Property crash in the 1990s did them in, and kept them out of power until New Labour allowed another property crash. Upper-middle class english voters are merciless: if they don't get their £30,000-£40,000 a year property profit (redistributed from renters and buyers), they will fire any government.
Posted by: Blissex | July 29, 2019 at 12:45 AM
«escapees from North Korea are often surprised by the wealth of the west because they've been indoctrinated to think abject poverty is widespread and normal.»
It is indeed widespread and normal, because most "capitalist" countries are third-world countries.
Favelas are not the exception.
The celebration of food banks in the UK and the widespread need for food stamps in the USA also show that even in first-world countries there are large areas of destitution; there are widespread favelas even in California and London.
Kensington and Chelsea or even Barcelona are far from typical. Perhaps more people should read "This is London" by Ben Judah.
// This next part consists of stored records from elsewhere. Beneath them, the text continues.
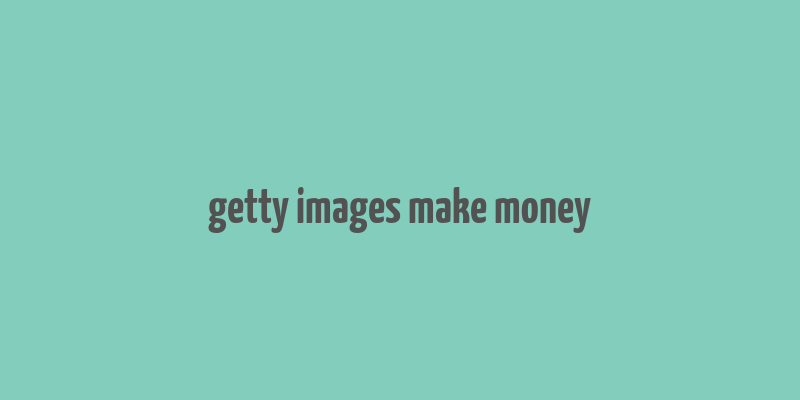 getty images make money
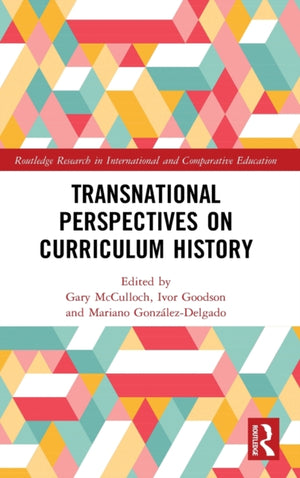 Transnational Perspectives on Curriculum History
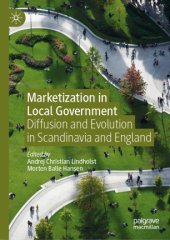 book Marketization in Local Government: Diffusion and Evolution in Scandinavia and England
Posted by: Blissex | July 29, 2019 at 12:52 AM
«Before eastward expansion and the rapid increase in economic immigration, I agree, the EU was of little interest to the vast majority of people.»
And I quite agree witha that: not many people worried that the french or swedish etc., who can find better jobs with better pay in their own countries, come to the UK to outcompete the locals by accepting whatever pay and Ts&Cs they are offered.
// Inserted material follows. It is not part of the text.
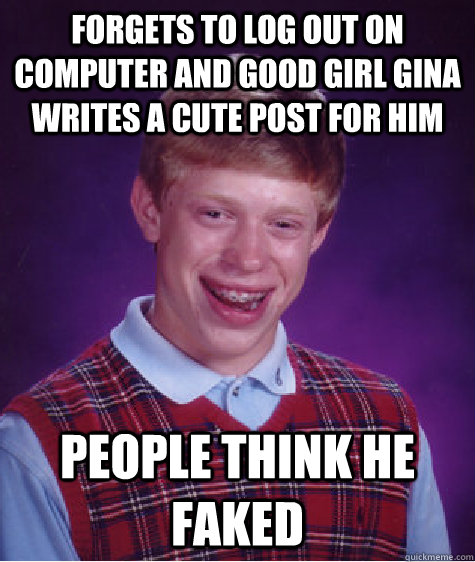 forgets to log out on computer and good girl gina writes a cute post for him people think he faked  Bad Luck Brian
The flaw with New Labour's policy (recommended by M King to push down wage inflation) was that they thought the votes of those affected did not matter at general elections. Indeed they did not, but the referendum was done on a completely differente base.
Posted by: Blissex | July 29, 2019 at 12:57 AM
"The prominence of low-grade MPs is relatively new"
Try reading this
Crap MPs Hardcover – 12 Nov 2009
by Dr. Bendor Grosvenor (Author), Dr. Geoffrey Hicks
Posted by: Bill Posters | July 29, 2019 at 11:10 PM
Sounds like you think Brexit is a passing thing. But the latest Yougov puts the Tories well ahead of Labour, and since the referendum all the former have been about, is Brexit. Until Brexit is past (or passed) that is going to be the main event. So if, as seems likely, we go to the polls end October, the GE will be about Brexit tout court. By sitting on the fence and not linking up with the other Remain parties, Corbyn's goose will be cooked. A Boris government to 2024 it will be.
Posted by: Martin | July 30, 2019 at 02:08 PM
I don't think that Karl Marx is any longer a reliable historian when it comes to capitalism; we have learnt much about its evolution since he wrote in the nineteenth century. A modern book:
'Money Changes Everything' by William Goetzmann
https://press.princeton.edu/titles/10662.html
makes it evident that the origins of capitalism can be traced all the way back to Mesopotamia in the third millennium BCE.
Posted by: LarryJayCee | July 30, 2019 at 02:57 PM
A similar topic is touched upon by H. Talal in this blog post - https://humanitatis.home.blog/blog-feed/
Let me know what you think
Posted by: Manhattan | July 31, 2019 at 12:04 AM
Any limits on government spending are pretty elastic: it all depends on public confidence in the money/bonds printed to pay for it. But maybe we risk losing that confidence if we talk too easily of an alternative to "capitalism"? A society without self interest is no more plausible than a world without gravity.